Aux premières heures du 26 avril 1986, une explosion catastrophique dans le réacteur nucléaire de Tchernobyl, en Ukraine, qui faisait alors partie de l’Union soviétique, a changé à jamais le cours de l’histoire et de la science. Lorsque des matières radioactives ont été projetées dans le ciel, les zones environnantes ont été évacuées, transformant du jour au lendemain des agglomérations animées en villes fantômes. Mais si les hommes ont été contraints de fuir, les animaux, dont des centaines de chiens domestiques, sont restés sur place. Ces chiens se sont rapidement retrouvés dans un environnement saturé de radiations et dépourvu de compagnie humaine. Près de quarante ans plus tard, les chercheurs tentent de comprendre comment les chiens de Tchernobyl ont réussi à survivre à l’une des plus grandes catastrophes nucléaires au monde.
Qu’est-il arrivé aux chiens de Tchernobyl ?
La zone entourant la centrale de Tchernobyl, connue sous le nom de zone d’exclusion de Tchernobyl (CEZ), est restée largement inhabitée par l’homme. Au lendemain de l’accident, les équipes d’intervention ont cherché des chiens errants dans l’intention de les abattre afin d’empêcher la propagation de la radioactivité. Cependant, dans un contexte de radiations, de climat rigoureux et de ressources limitées, les chiens de Tchernobyl n’ont pas seulement survécu, ils ont prospéré.

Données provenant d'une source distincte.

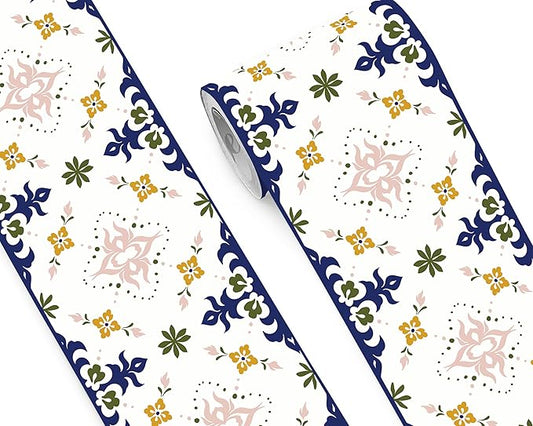 FLFK Peel and Stick Wallpaper Border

En l’absence des humains qui s’occupaient d’eux, les chiens ont été contraints de se débrouiller seuls. Les bâtiments et structures abandonnés de la zone leur ont fourni un abri contre les intempéries, tandis que les forêts environnantes leur offraient des sources de nourriture supplémentaires sous la forme de petits animaux. Fait remarquable, au fil des décennies, les chiens sauvages ont également formé des structures sociales complexes qui ont probablement contribué à leur survie. Les meutes de chiens travaillent ensemble pour chasser, protéger leur territoire et s’occuper de leurs petits. Cette cohésion sociale est essentielle dans un environnement où les ressources sont rares et les dangers omniprésents.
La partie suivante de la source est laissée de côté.